Ministry of Railways of Turkmenistan

Agency overview
- Formed: 11 July 2025
- Preceding agency: Turkmen Railways Agency;
- Headquarters: Ashgabat, Turkmenistan
- Employees: ~7,000
- Annual budget: 1.626 billion manats (2018)
- Child agency: "Demirýollary" AGPJ;
- Website: https://turkmendemiryollary.gov.tm/

= Ministry of Railways (Turkmenistan) =

Turkmen government agency

The Turkmenistan Ministry of Railways (Türkmenistanyň Demir ýol ulaglary ministrligi is a government agency in Turkmenistan responsible for oversight of the state rail corporation "Demirýollary" AGPJ. It was reconstituted out of the Turkmenistan railway agency on 11 July 2025.

== History ==

=== Russian Empire ===
In September 1880, the first section of the railway was built from the eastern coast of the Caspian Sea to Mollagara. In October 1881, rails were laid to the village of Gyzylarbat. Construction of the second section of the railway continued in 1885 and 1886 to large settlements of Turkmenistan: Gökdepe, Ashgabat, Tejen, Mary, and Çärjew, ending at the Amu Darya.
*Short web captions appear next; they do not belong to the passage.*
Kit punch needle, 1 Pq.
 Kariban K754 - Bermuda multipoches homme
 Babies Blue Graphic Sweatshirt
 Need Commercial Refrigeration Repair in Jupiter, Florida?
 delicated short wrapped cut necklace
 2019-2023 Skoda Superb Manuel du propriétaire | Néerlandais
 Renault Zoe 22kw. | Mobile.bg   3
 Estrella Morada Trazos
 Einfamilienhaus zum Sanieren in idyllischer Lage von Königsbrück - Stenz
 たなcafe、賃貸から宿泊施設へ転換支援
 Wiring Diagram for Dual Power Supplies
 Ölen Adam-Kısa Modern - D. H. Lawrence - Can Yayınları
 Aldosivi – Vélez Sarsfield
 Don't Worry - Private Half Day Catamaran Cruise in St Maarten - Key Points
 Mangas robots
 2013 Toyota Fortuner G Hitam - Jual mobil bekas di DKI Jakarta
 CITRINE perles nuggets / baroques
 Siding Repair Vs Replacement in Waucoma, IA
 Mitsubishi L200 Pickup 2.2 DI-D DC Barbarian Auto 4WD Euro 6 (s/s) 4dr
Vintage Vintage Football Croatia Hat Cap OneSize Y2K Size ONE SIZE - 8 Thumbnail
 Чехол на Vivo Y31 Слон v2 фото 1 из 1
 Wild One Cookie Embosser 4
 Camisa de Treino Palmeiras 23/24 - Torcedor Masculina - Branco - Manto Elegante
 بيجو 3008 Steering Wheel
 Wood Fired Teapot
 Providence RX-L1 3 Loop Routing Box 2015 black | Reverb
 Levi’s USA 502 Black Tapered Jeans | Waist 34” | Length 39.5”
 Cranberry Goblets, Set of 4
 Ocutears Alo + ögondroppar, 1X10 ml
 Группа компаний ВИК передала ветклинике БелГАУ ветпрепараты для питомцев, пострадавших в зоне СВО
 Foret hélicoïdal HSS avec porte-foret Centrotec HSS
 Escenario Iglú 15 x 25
At the end of 1887, a wooden bridge with a length of more than 2 km was built across the Amu Darya, which allowed construction of the third section of the railroad to begin. In 1888, the railway continued to Samarkand and in 1898 brought to Tashkent. Between 1894 and 1895, the Krasnovodsk (today's Türkmenbaşy) section of the railroad was completed. Thus, the Trans-Caspian Railway, which played an important role in the development of the economy of Central Asia, including pre-revolutionary Turkmenistan, begins from the harbor of the Caspian Sea, Krasnovodsk Bay (today's Türkmenbaşy Bay). The route from Krasnovodsk to Tashkent was called the Central Asian Railway.

In 1901, the wooden bridge over the Amu Darya was destroyed by flood waters. It was replaced with a steel bridge built on stone supports.

=== Soviet Union ===
In 1922, on the instructions of Vladimir Lenin, work began on the design of Soviet diesel locomotives for operation on waterless sections of Central Asia. In 1931, the Krasnovodsk-Çärjew railway was switched to diesel traction. In 1955, all railway traffic in the Turkmen SSR was completely converted to diesel traction.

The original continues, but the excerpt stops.